This paper presents a learning-augmented trajectory planning framework for cooperative unmanned aerial vehicle (UAV) and unmanned ground vehicle (UGV) handover missions. While centralized trajectory optimization ensures dynamic feasibility and task optimality, its high computational cost limits real-time applicability. We propose a neural surrogate planner utilizing decoupled encoder-decoder long short-term memory (LSTM) networks to generate coordinated handover trajectory predictions from the task specifications. These predictions serve as informed warm starts for the downstream centralized optimizer, thereby accelerating convergence to dynamically feasible solutions. Benchmark evaluations demonstrate that the learning-augmented planning framework achieves more than a threefold speedup and 100% optimization success rate compared to cold start optimization. The results indicate that combining data-driven inference with model-based refinement enables fast and reliable trajectory generation for heterogeneous multi-robot systems.

Editorial analysis

A structured set of objections, weighed in public.

Desk editor's note, referee report, simulated authors' rebuttal, and a circularity audit. Tearing a paper down is the easy half of reading it; the pith above is the substance, this is the friction.

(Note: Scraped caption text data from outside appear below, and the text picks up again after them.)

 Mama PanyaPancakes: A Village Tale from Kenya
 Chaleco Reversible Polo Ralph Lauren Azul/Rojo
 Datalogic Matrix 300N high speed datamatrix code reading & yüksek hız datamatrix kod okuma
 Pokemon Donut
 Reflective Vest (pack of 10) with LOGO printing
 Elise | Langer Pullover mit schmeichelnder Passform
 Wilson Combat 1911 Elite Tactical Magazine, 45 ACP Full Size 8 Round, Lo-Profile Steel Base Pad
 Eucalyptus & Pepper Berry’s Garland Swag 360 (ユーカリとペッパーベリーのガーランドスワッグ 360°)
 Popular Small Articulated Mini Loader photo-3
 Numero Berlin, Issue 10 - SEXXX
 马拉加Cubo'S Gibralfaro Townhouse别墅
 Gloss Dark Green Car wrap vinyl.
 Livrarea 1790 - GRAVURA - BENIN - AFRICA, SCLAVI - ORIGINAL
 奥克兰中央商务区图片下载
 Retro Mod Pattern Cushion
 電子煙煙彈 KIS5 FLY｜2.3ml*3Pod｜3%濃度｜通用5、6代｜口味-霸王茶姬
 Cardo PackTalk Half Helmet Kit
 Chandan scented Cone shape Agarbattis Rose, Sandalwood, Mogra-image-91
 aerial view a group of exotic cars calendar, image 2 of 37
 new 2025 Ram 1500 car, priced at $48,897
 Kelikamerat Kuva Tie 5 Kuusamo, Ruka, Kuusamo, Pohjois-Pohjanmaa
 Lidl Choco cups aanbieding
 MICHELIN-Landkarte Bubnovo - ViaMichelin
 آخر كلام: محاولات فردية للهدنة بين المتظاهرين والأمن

Desk Editor's Note private letter to a colleague

LSTM warm starts give over 3x speedup and 100% success for UAV-UGV handover optimization in the reported benchmarks.

read the letter

The paper shows that a decoupled encoder-decoder LSTM can provide effective warm starts for centralized trajectory optimization in cooperative UAV and UGV handover missions. This leads to more than a threefold reduction in computation time and a 100% success rate in their benchmark tests compared to starting from scratch. They describe training the LSTM directly on task specifications to output predicted trajectories for both vehicles. These predictions then initialize the optimizer, which refines them to ensure dynamic feasibility and optimality for the handover. The separation into encoder-decoder for each robot type keeps things manageable while the central optimizer handles coordination. The benchmarks include comparisons against cold-start optimization across various mission setups, with reported speedups and reliability metrics. This approach does a good job of making optimization methods practical for real-time applications in heterogeneous robot teams without changing the underlying problem formulation. The results give a clear picture of the performance improvement in simulation. A soft spot is the limited information on how the training data was generated and what range of handover scenarios it covers. If the test cases are close to the training distribution, the high success rate may not extend as far as hoped to new situations. The paper also doesn't compare against other possible warm-start strategies like simpler heuristics or different network types, which would help put the gains in context. Overall, this is for people working on trajectory planning for multi-robot systems, particularly those interested in learning to accelerate model-based methods. It would be relevant for applications in logistics or disaster response where quick planning for aerial-ground cooperation matters. I would recommend sending it for peer review. The central claims are supported by the described experiments, and the work is a solid incremental step that others can build on.

Referee Report

1 major / 1 minor

Summary. The paper presents a learning-augmented trajectory planning framework for cooperative UAV-UGV handover missions. It uses decoupled encoder-decoder LSTM networks to predict coordinated handover trajectories from task specifications; these predictions initialize a centralized optimizer as warm starts to accelerate convergence while preserving dynamic feasibility and task optimality. Benchmark evaluations claim more than a threefold speedup and 100% optimization success rate relative to cold-start optimization.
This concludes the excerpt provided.